══ Source material ══
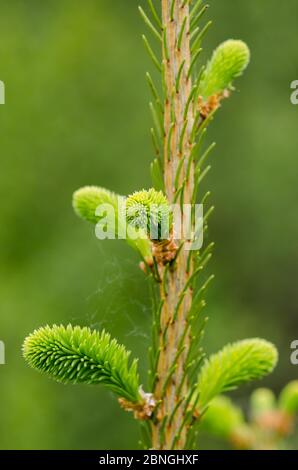 Picea, Piceoideae, Pinaceae, brindilles et aiguilles d'épinette verte fraîche en croissance jeune dans une forêt en Allemagne Banque D'Images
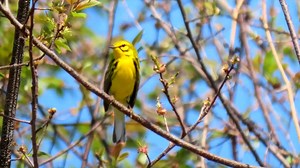Prairie warbler singing (Setophaga discolor) North America. | BIRDS & Nature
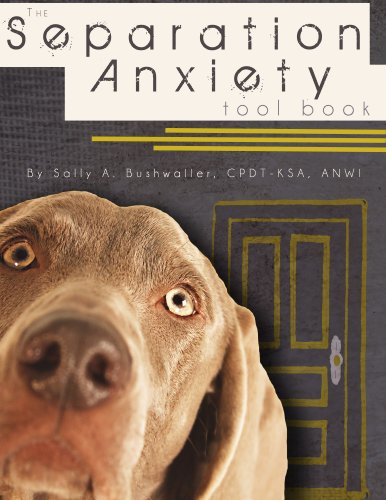 The Separation Anxiety Tool Book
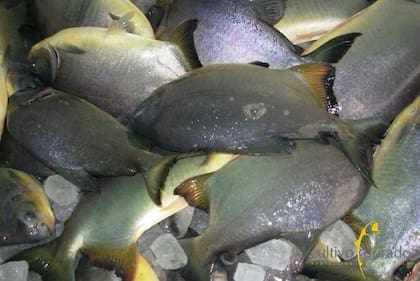 La familia hace el ciclo completo de “cría, engorde y faena”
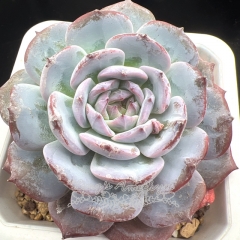 Echeveria 'Star Diamonds' | Real & Unique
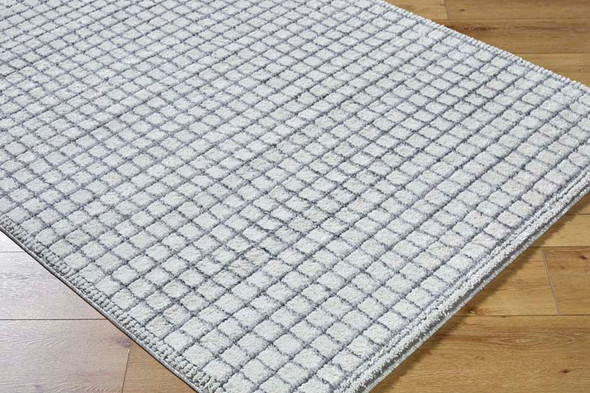 LivaBliss Andorra Plus ARP-2309 Rug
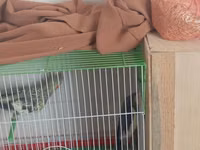 Məhsul: Nimfa (Cockatiel) tutuquşuları və qəfəs dəsti Təsvir: - 2 — Foto 1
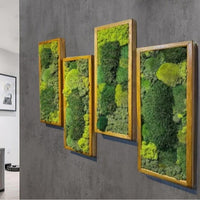 Preserved Moss Wall Art Decor Maintenance-Free 3D Green Plant Hanging Painting for Living Room Entrance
═══
About this exercise
Could the entries above be retyped exactly, with the pictures left out?

Solution to the exercise
 Picea, Piceoideae, Pinaceae, brindilles et aiguilles d'épinette verte fraîche en croissance jeune dans une forêt en Allemagne Banque D'Images
Prairie warbler singing (Setophaga discolor) North America. | BIRDS & Nature
 The Separation Anxiety Tool Book
 La familia hace el ciclo completo de “cría, engorde y faena”
 Echeveria 'Star Diamonds' | Real & Unique
 LivaBliss Andorra Plus ARP-2309 Rug
 Məhsul: Nimfa (Cockatiel) tutuquşuları və qəfəs dəsti Təsvir: - 2 — Foto 1
 Preserved Moss Wall Art Decor Maintenance-Free 3D Green Plant Hanging Painting for Living Room Entrance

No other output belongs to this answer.